═══ Records to use ═══
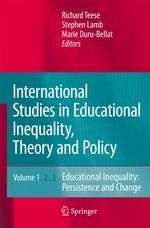 教育の不平等、理論と政策：国際研究（全３巻）<br>International Studies in Educational Inequality, Theory and Policy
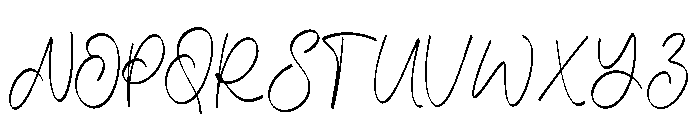 Funny Baby Regular Font UPPERCASE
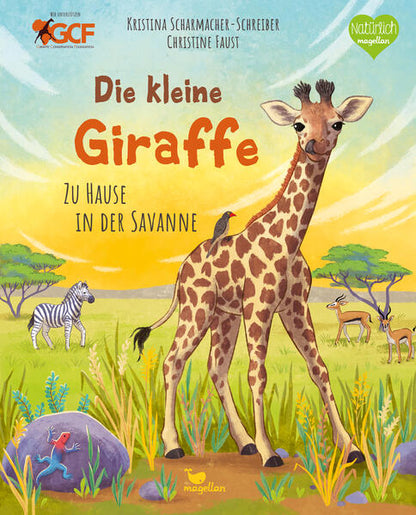 Magellan GmbH &amp; Co. KG 978-3-7348-6020-1 Die kleine Giraffe - Zu Hause in der Savanne (1)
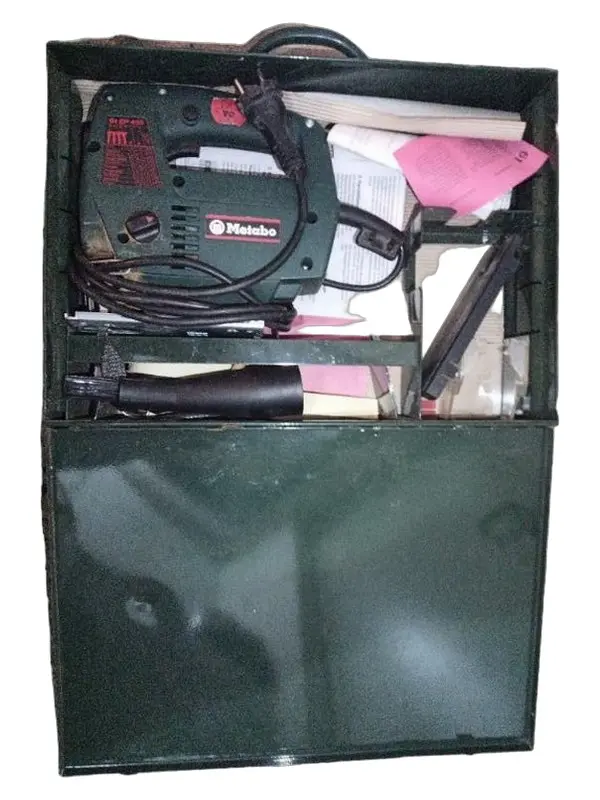 METABO Werkzeugkoffer Bild 2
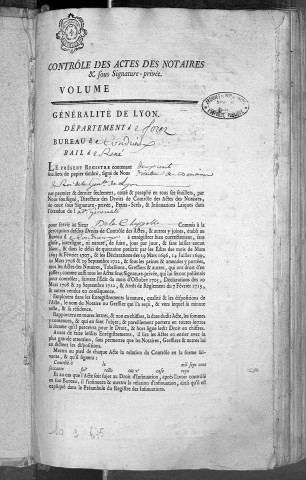1er mars 1784-19 août 1785.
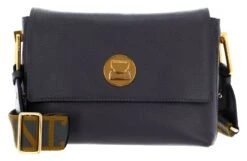 Coccinelle Liya Signature Handbag Grained Leather Ardesia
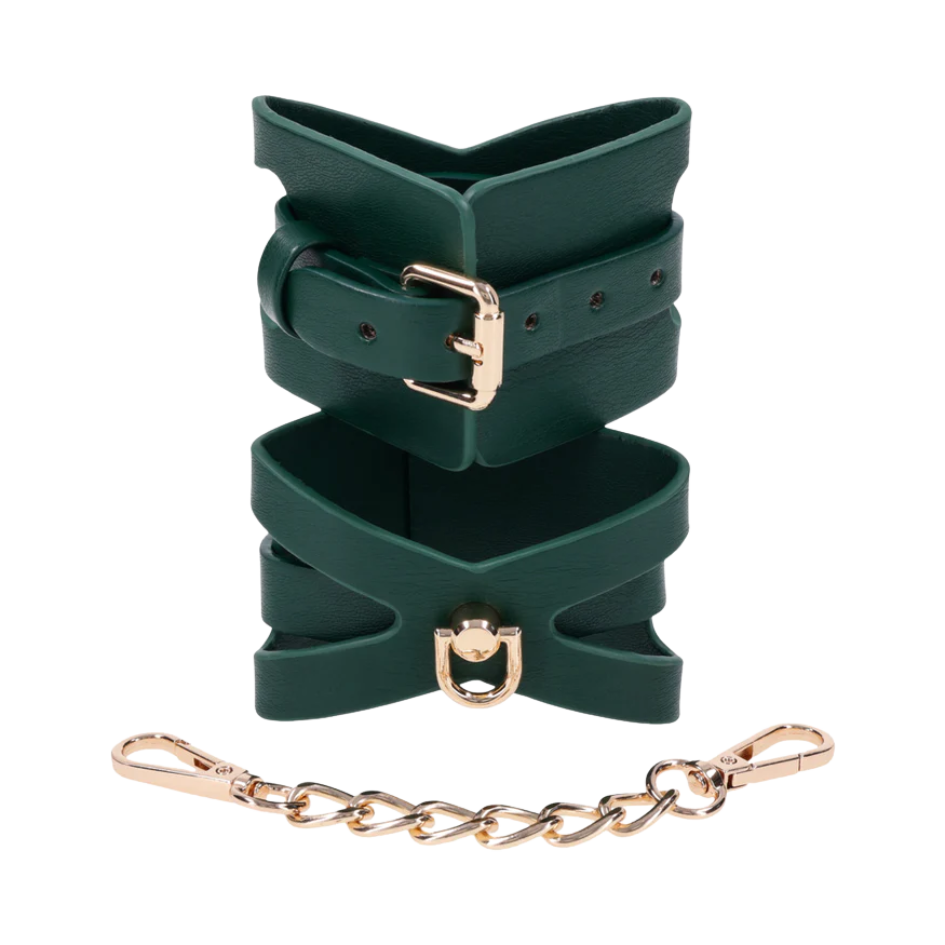 Indica Cutout Cuffs - Sportsheets - Sensation Play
═══
* **Task objective**
Give back exactly the lines from the one containing "1er mars 1784-19 août 1785." to the final line of the entries, both included, and no picture.

* **Response**
1er mars 1784-19 août 1785.
 Coccinelle Liya Signature Handbag Grained Leather Ardesia
 Indica Cutout Cuffs - Sportsheets - Sensation Play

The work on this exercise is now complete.